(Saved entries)
****************

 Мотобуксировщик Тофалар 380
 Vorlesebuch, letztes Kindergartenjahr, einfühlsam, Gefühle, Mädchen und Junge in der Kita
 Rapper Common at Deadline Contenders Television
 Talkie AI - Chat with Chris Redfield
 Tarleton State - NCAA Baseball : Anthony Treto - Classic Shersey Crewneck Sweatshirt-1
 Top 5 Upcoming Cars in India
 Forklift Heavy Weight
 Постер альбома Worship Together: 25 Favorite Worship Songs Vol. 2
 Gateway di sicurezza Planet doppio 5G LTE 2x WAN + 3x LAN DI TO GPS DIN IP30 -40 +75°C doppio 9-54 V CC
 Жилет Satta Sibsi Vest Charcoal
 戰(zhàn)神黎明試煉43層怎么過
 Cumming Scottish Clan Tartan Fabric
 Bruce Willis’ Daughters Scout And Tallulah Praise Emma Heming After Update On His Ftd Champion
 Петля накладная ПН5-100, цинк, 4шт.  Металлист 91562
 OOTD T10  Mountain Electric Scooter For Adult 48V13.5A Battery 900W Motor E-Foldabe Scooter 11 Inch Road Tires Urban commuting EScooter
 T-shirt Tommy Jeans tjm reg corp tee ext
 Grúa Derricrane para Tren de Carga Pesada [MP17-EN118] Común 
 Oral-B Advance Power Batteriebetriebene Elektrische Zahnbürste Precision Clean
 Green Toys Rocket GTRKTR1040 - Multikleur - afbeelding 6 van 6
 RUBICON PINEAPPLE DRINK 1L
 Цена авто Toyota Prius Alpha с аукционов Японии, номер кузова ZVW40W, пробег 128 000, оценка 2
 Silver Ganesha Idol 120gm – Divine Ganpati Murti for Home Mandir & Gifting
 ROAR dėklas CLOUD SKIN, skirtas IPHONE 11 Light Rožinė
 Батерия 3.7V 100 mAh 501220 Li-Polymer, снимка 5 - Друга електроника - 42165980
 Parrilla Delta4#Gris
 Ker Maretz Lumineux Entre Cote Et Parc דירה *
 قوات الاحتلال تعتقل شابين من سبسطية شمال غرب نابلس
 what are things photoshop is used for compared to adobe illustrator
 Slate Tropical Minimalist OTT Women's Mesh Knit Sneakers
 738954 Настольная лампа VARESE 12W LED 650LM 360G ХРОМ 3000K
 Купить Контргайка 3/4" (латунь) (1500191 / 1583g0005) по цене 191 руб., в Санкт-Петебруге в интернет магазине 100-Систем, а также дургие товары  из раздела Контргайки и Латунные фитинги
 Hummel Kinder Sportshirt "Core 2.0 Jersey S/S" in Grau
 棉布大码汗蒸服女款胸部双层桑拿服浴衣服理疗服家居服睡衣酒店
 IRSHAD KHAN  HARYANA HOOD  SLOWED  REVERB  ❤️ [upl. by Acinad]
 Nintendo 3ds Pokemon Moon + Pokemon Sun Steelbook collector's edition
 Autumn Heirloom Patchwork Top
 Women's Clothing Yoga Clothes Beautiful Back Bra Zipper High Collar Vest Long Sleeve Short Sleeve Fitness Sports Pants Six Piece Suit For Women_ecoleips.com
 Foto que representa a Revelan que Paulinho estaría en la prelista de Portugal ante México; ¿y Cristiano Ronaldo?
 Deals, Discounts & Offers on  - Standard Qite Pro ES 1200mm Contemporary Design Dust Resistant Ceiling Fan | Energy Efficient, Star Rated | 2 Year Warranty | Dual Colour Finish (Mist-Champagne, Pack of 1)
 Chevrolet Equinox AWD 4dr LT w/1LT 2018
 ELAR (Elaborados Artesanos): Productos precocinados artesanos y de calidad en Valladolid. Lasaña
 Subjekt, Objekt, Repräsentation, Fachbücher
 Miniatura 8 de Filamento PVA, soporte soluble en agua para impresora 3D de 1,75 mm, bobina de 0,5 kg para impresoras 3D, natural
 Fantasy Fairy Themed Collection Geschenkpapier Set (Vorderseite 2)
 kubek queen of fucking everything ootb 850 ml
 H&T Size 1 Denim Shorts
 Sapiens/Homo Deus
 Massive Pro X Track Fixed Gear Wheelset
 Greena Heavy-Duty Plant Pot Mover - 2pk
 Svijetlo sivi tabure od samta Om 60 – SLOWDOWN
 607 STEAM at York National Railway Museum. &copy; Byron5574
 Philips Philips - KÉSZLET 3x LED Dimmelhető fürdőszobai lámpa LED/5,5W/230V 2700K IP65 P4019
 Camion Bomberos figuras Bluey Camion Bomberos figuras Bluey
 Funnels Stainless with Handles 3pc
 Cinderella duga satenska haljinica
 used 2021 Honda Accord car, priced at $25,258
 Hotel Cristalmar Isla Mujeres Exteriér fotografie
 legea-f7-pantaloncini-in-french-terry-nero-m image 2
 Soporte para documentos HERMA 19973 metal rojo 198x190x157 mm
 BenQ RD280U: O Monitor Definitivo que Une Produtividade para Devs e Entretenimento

****************

> Task instructions
Among the entries, count how many lines hold the string "Heavy", then state only that number.

> Reply
2